Jacques esquissa deux pas, mais Hercule le retint. Le Belge murmura:
—Il n'en vaut pas la peine.
Shin ajouta un mystère:
—Vous aurez bientôt l'occasion de vous venger, d'une façon très amusante.
Le Cracmol revint à sa paillasse. Ursula enfonça le clou:
—Z'est entendu. Che ferai une demande offizielle. Quant à toi, Rosier, ta punizion fa avoir lieu très fite et che zais ze qui fa te calmer. Ambroisine Fordecafé a demandé à zes élèfes de première année d'Aloysia de fabriquer la Pozion de Zérénité. Il lui faut un cobaye pour tezter les 30 pozions et donner une note. Che ne t'apprends rien en te disant que zi elle est ratée, za a le goût de pizze de Troll qui aurait bu des litres de zitron. Za brûle l'eztomac. Et zi la Pozion de Zérénité est trop dosée, alors le bufeur zera totalement obéïzant pendant 24heures, faisant tout ze qu'on lui dira.
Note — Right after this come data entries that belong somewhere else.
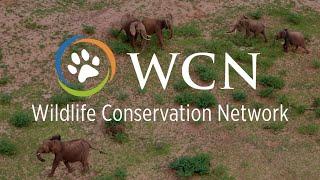 Wildlife Conservation Network | Creating a Future for Wildlife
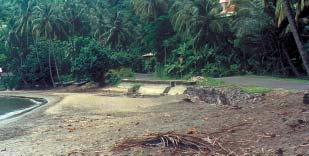 Beach erosion February, 1987 After Hurricane Hugo, 1989 After Hurricane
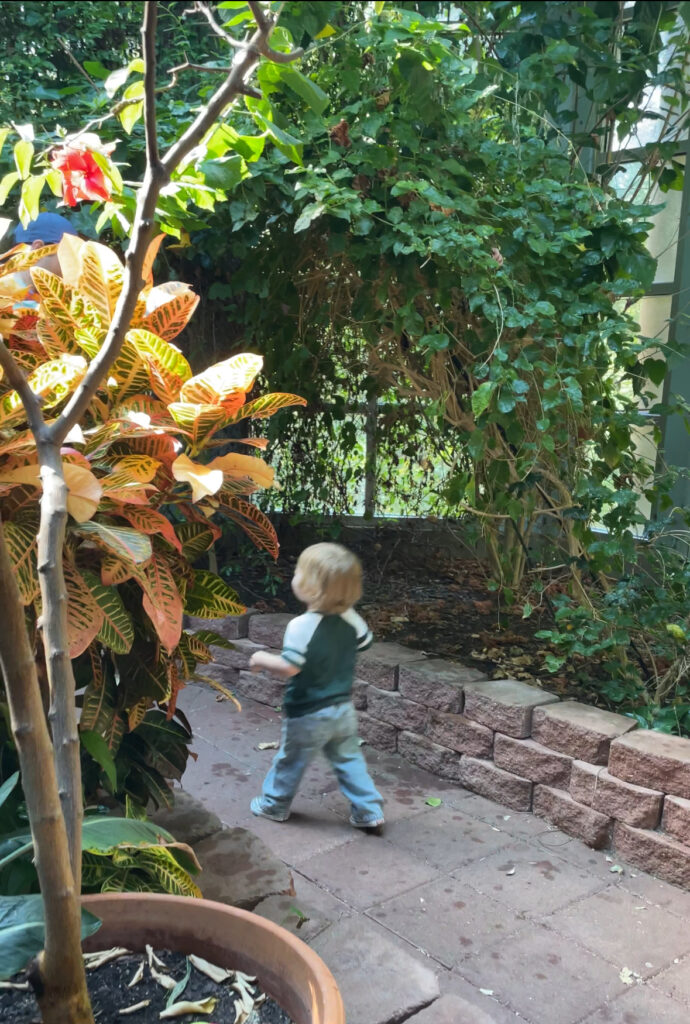 A small child with blond hair, wearing a green shirt and jeans, walks on a brick path in a lush garden surrounded by vibrant plants and greenery.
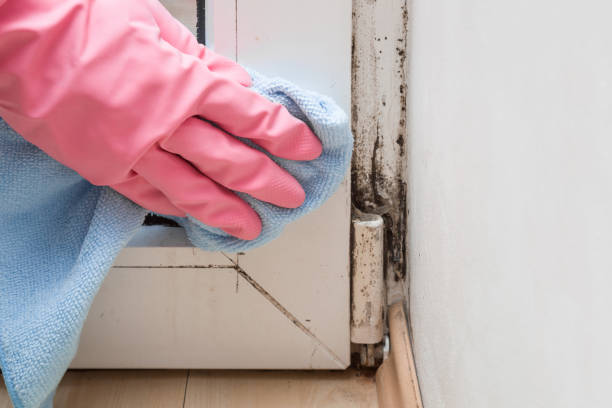 Best Fast Mold Removal  in Mayfair, CA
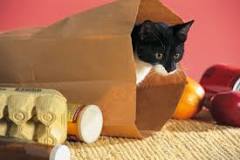 catOutOfBag.jpg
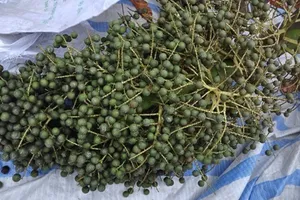 Xôn xao cây “lạ” cho hàng vạn quả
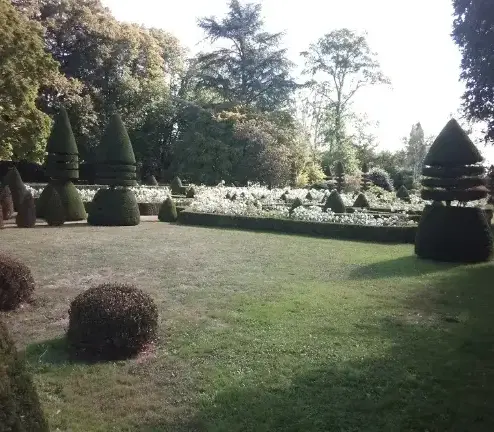 arboriste à Tennie - image 2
Hercule crut discerner un rictus de plaisir non dissimulé dans le visage de la Suissesse. Plus tard, lorsque le cours s'acheva, le Belge fit exprès de traîner pour rassembler ses affaires. Lorsqu'il fut certain d'être seul avec l'enseignante, il s'approcha et elle le questionna sur cette prolongation:
—Tu as une queztion, Fan Betafende?
—À propos de la punition de Rosier.
—Che t'écoute.
—Je me souviens de cette potion de base, mais pas si simple à réaliser. Je me rappelle que peu l'avaient réussie. Je suis certain qu'aucun élève des trois ordres n'était parvenu à réaliser une version plus puissante. Or, tout à l'heure, j'ai eu la sensation que vous étiez certaine qu'un élève de première année réussirait ce tour de force. N'est-ce pas?
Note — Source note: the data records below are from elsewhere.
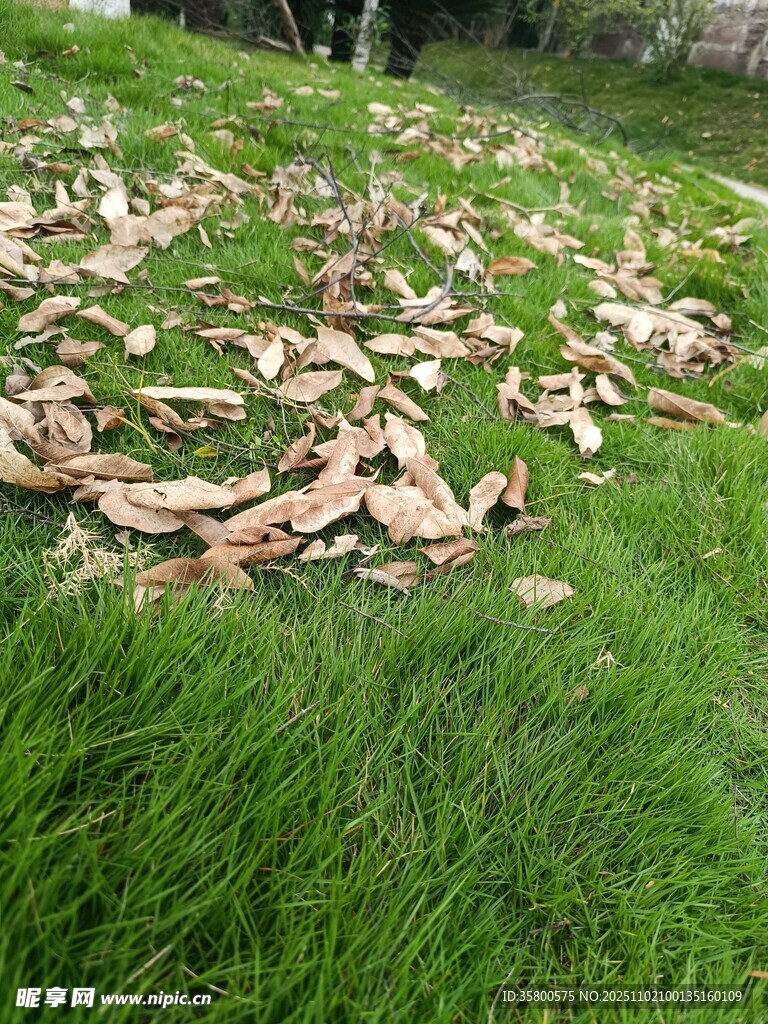 草地上的枯黃落葉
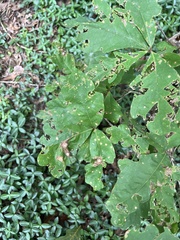 Callirhytis quercusfutilis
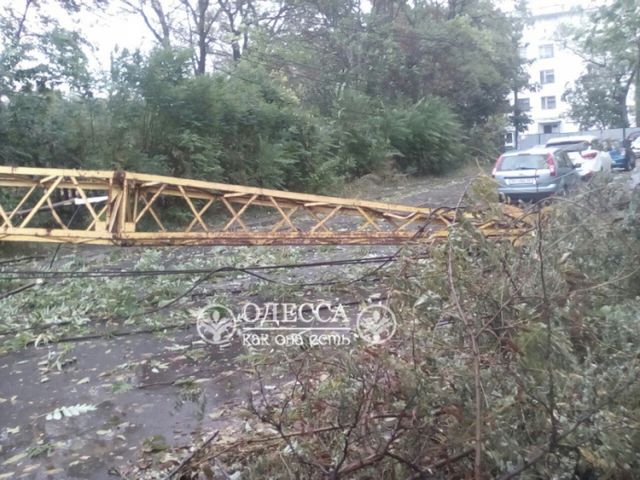 Моторошний шторм в Одесі: вітер повалив дерева і будівельні крани - фото 109828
—Z'est naturel. Che m'attends à un eczploit de Noël Millefeuille. Z'il y a un élèfe capable, z'est lui. Z'est un pozionniste eczceptionnel! Allez! Demain, che crois que fous allez touz fous amuser à faire faire n'importe quoi à Rosier! Bonne zoirée…
—Bonne soirée, Professeur.
—Attends…
—Oui?
—Chuste une chose.
Elle plongea sa main dans une poche de sa robe rapiécée et en tira quelques graines.
—Oufre ta main.
Hercule s'exécuta et recueillit la nourriture. Il comprit où Ursula voulait en venir. L'enseignante tira le tissu de la cage et ne fit plus un bruit, ni un mouvement. Hercule découvrit l'œil de la coquecigrue le fixant. Il esquissa un mouvement. L'animal cligna des yeux. Le Belge fit un pas, puis un second. Il tendit la main en douceur, au ras des barreaux. L'oiseau l'observa, le jaugea et passa son bec démesuré entre les barres de fer. Il engloutit les graines, une à une.
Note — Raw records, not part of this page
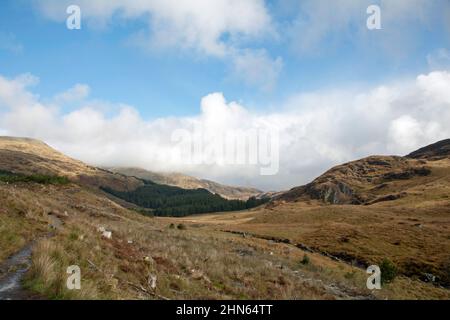 Glen Trool in der Nähe von Newton Stewart Dumfries und Galloway Scotland Stockfoto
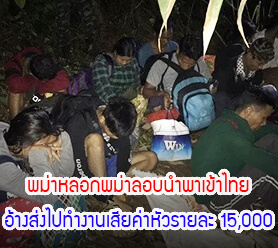 พม่าหลอกพม่าลอบนำพาเข้าไทย อ้างส่งไปทำงานเสียค่าหัวรายละ 15,000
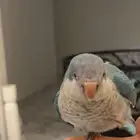 ببغاء كويكر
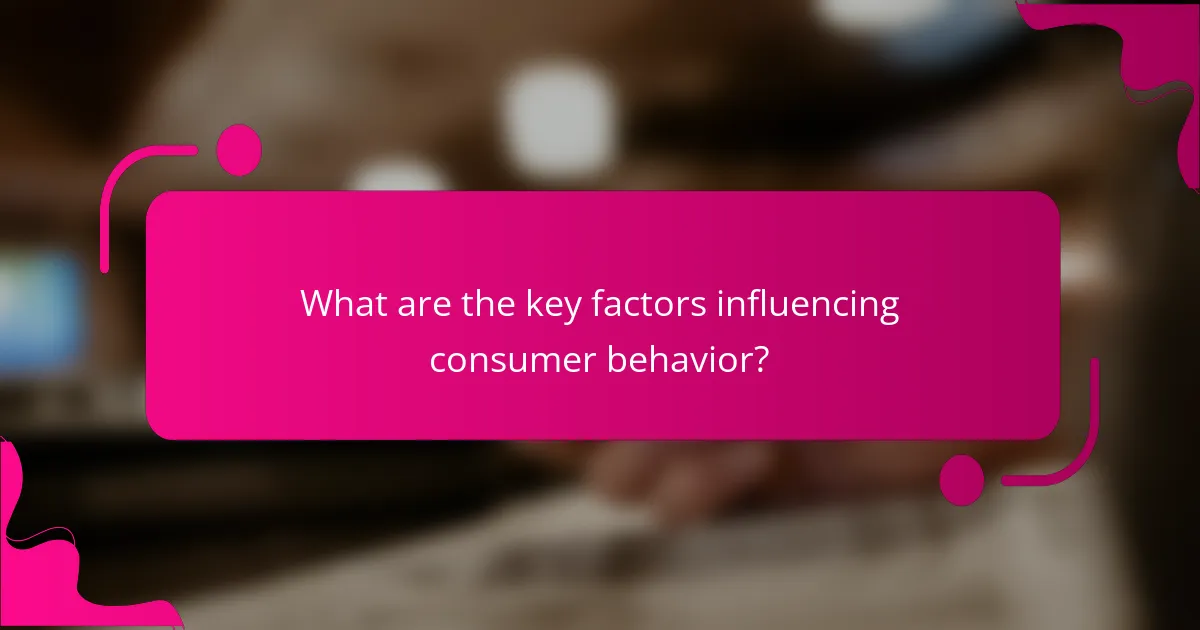 What are the key factors influencing consumer behavior?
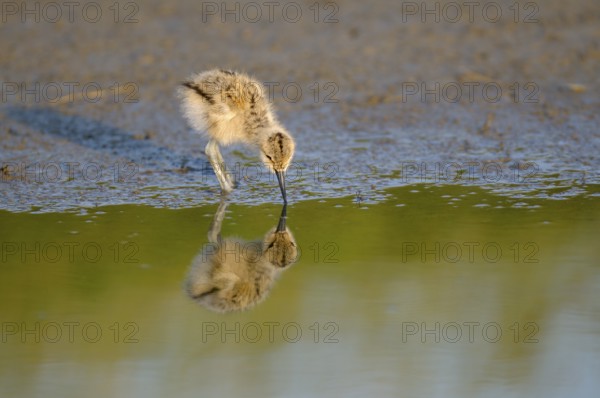 Saebelschnaebler (Recurvirostra avosetta), Avocet, Jungvogel bei der Nahrungssuche, mit Spiegelung, Juni, Insel Texel, Nordsee, Nordholland, Niederlande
—Wunderbach! 1 lâcha la professeure.
Hercule fut aux anges. L'oiseau était intrigant et d'une grande beauté. L'attraction était mutuelle.
La femme remit la couverture en place.
—Franchement, Fan Betafende, tu pourrais defenir chef du Département des Créatures Machiques, un chour. Pour reprendre les termes de madame Obzcur, tu as le Don.
—Merci, Professeur, pour cet instant fantastique.
—Che t'en prie.
Le garçon, abasourdi, finit par quitter la serre, à contrecœur. Puis, un mot résonna dans son esprit. Noël avait un nom de famille. Millefeuille. C'était, sans contestation possible, l'héritier du célèbre empoisonneur Luc Millefeuille. Il venait de prendre la première place sur la liste des fauteurs de troubles potentiels.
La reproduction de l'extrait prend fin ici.